倉又さんにも大切な“居場所”があります。長岡市にある倉又さん行きつけのカフェ「scene coffee roaster」
スマートフォンに文字を打ち込み注文を伝えます。カフェを営む店主の人柄そして店の居心地の良さから常連になりました。
【倉又司さん】
「バッチリ!」
「私は耳が聞こえないけどあまり気にせずゆっくりできる大事な場所です」
【コーヒー店店主・平山拓弥さん】
「普通に接してもらいたいと思っている方が多いのかなと思うのであまり特別扱いとかはないようにしていますね。みなさん平等に接するようにしています」
会話をする際も使うのはスマートフォンのメモ機能……
<コーヒー店店主・平山さん>
「これはエチオピアの豆を使っています」
<倉又さん>
「やっぱりおいしいです」
<コーヒー店店主・平山さん>
「勉強熱心ですもんね」
<倉又さん>
「そちらには勝てません」
カフェを営む者同士コーヒーの話題で盛り上がります。耳が聞こえなくても心が通う大切な“つながり”
【倉又司さん】
「(平山さんは)障害者という見方ではなくて私個人として付き合ってくださるのでとてもありがたいです」
◆日常生活での障壁 スーパーでの買い物はコミュニケーションが不要のセルフレジに


聴覚障害は見た目では分かりづらいため日常生活は苦労の連続です。その苦労はスーパーでの買い物でも
【倉又司さん】
「今みたいに欲しいものがどこにあるか分からないときに、店員に聞けば楽だと思うんですけど聞きづらいので」
カバンには耳が聞こえないことを示すキーホルダーをつけています」
「慣れれば分かるかもしれませんが慣れたくもない気持ちもあります。
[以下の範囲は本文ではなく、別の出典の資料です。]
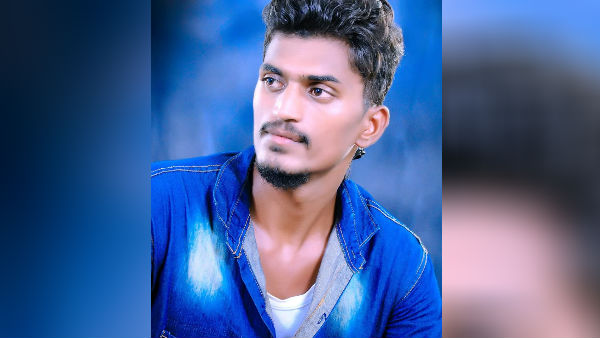 rowdy who attacked police got injured in puducherry rowdy who attacked police got injured in puducherry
不便に慣れるのもどうかなという気持ちもあるので」
音があふれている社会……ただ受け入れてしまえば聴覚障害者の生きづらさは消えない。現実に抗いたい気持ちもあります。会計の際には店員との会話がいらないセルフレジに自然と足が向かいます。
【倉又司さん】
「『袋は必要ですか?』と聞かれることがあります。なかなか答えづらいので大変だなと思って。それだったらセルフレジの方が聞かれることは全部画面に出てくるので私的には楽だなと」
何気ない日常でも、耳が聞こえないことによる壁が立ちはだかります。
◆聞こえる人も聞こえない人もつながれる社会に 手話教室を開催


聞こえる人も聞こえない人もつながれる社会にしたい……そう願う倉又さん、自ら営むカフェで“手話教室”を始めました。
手の形や動きと顔の表情を組み合わせ表現する手話。上達するためには相手の口ばかりを見ないことが大切だといいます。手話のコツは動きをよく観察すること。耳が不自由な人は目で見た情報を頼りに生きているというのです。
<倉又さん>
「手話(楽しかった)OK?」「楽しかった?」
<参加した人>
「ありがとうございました」
<参加者は>
「人の役に立てるものを少ししたいなと思って、昔から興味はあったんですけど学べなかったので参加しました」
「勉強のために集まるとかでなくて、もう少しハードルが低くてコーヒー飲みながら、手話でおしゃべりできたり気軽に来られる場所ができたのはすごくいい」
◆「生まれ変わってもろう者で生まれたい」

【倉又司さん】
「私は生まれ変わっても、ろう者で生まれたいと思っています。障害があるということでマイナスに考えずそれを受け入れて認めて自分ができることを広げて楽しんで生きていった方が楽なのかなと思います」
音のない世界で生きる人たちがいます。耳が聞こえる人もそうでない人も心が通う世の中に……
音を必要としないカフェできょうも倉又さんが待っています。